This is not an advance birthday letter, as you may think! It is to convey tidings of much import to my wife and myself, and I hope of pleasure to you and other friends over-sea—namely that this late autumn we are going to pay a brief visit to New York.
It is our intention to spend January, February, and March in Rome—which for me is the City of Cities. But we are going to it via New York. In a word, we intend to leave England somewhere between 23rd and 26th of October, according as steamers and our needs fit it. Then after six weeks or so in New York, we intend to sail direct to the Mediterranean by one of the Hamburg-American or North-German Lloyd Special Mediterranean line, sailing to Genoa and Naples....
I have been very busy of late, and for one thing have been occupied with collecting and revising the literary studies of some years past—and much else of which I’ll tell you when we meet. My Literary Geography, which has been running serially in the Pall Mall Magazine for the last 14 or 15 months will be out in book-form in October. My wife’s recently published little book on Rembrandt has had a good reception, I am very glad to say.
With all affectionate greetings to you both, ever, Dear Stedman,
Affectionately your friend,
William Sharp.
Before we started for New York Literary Geography (by W. S.) was published. According to the critic in The World:
“It was a characteristically original idea of the author to combine descriptions of certain localities with criticisms and appreciations of those famous writers who had identified themselves therewith. It gives one a fresher and keener insight, for instance, into Mr. George Meredith’s poems to know how much they reveal of the lovely country in which he lives, and how many of his exquisite similes are drawn from observation of the birds and beasts and plants which he sees daily around his home under the shadow of Box Hill. “The Country of Stevenson,” “Dickens-Land,” “Scott-Land,” “The Country of George Eliot,” “Thackeray-Land,” “The Brontë Country,” “The Carlyle Country,” and “Aylwin-Land” are all both delightful and instructive, full of poetic description, sound criticism, and brilliant flashes of wit; and not less so are the chapters on the “literary geography” of the Thames from Oxford to the Nore, the English Lakes, with all their associations with Wordsworth and his brother poets, and the Lake of Geneva, which might have been called Voltaire-Land were it not that so many other famous personalities and authors are identified with Geneva and its surroundings that the solitary distinction might seem invidious.”

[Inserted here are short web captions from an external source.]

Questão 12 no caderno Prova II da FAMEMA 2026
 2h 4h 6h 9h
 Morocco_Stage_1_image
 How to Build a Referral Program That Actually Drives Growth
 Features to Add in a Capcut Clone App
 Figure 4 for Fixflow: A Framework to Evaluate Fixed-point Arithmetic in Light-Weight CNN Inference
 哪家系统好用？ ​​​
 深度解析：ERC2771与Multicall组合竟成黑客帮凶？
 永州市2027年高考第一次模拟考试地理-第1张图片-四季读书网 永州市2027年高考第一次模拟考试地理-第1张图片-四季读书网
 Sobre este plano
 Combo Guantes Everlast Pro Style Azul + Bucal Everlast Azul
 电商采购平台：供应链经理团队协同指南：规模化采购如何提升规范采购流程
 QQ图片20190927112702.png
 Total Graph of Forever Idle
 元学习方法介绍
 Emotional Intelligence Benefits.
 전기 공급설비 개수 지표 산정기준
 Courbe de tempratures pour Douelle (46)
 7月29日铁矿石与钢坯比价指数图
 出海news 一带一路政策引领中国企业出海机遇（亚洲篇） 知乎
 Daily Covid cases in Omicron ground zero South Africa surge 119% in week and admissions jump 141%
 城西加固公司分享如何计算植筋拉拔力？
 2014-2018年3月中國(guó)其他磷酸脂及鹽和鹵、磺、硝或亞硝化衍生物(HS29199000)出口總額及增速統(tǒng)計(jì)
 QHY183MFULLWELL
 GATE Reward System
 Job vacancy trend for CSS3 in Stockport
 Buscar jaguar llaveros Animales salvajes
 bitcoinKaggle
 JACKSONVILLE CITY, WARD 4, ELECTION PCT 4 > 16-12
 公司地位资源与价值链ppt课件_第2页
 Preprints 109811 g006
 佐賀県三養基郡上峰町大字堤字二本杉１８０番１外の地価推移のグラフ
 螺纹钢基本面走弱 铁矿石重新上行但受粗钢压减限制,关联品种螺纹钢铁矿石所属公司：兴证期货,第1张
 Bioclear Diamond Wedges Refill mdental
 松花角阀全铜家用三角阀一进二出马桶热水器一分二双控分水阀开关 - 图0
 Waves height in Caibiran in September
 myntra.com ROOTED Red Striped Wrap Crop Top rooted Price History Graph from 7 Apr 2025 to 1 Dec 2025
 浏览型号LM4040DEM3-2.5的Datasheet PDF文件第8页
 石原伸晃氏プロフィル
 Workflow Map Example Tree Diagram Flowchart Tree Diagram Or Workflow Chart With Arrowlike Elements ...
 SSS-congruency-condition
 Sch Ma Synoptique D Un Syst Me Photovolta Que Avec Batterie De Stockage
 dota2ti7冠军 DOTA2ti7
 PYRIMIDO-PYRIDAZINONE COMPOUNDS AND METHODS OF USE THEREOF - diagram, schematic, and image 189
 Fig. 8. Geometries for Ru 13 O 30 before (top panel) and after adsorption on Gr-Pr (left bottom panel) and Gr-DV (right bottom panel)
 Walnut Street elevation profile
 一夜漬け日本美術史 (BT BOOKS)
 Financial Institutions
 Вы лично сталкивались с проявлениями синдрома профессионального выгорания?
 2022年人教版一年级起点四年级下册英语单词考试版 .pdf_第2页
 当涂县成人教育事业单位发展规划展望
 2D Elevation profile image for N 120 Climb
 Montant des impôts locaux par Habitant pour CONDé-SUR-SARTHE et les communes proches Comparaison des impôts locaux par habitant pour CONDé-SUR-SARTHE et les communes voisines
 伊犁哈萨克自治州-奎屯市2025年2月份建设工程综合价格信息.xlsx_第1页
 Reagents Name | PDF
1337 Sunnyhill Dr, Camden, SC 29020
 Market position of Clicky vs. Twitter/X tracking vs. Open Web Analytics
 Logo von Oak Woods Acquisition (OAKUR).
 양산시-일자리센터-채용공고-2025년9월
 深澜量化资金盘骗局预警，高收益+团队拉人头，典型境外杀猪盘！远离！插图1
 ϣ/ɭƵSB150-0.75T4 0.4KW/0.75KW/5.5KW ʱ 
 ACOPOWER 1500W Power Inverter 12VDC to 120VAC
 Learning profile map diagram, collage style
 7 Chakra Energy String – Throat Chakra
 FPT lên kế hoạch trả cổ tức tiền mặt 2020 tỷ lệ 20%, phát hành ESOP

The book was dedicated to the author’s friend of early days, Mr. George Halkett (then Editor of The Pall Mall Gazette) with the reminder that
“More years ago now than either of us cares to recall, we were both, in the same dismal autumn for us, sent wandering from our native lands in Scotland to the end of the earth. I remember that each commiserated the other because of that doctor’s doom in which we both, being young and foolish, believed. Since then we have sailed many seas and traversed many lands, and I, at least, have the wayfaring fever too strong upon me ever to be cured now.”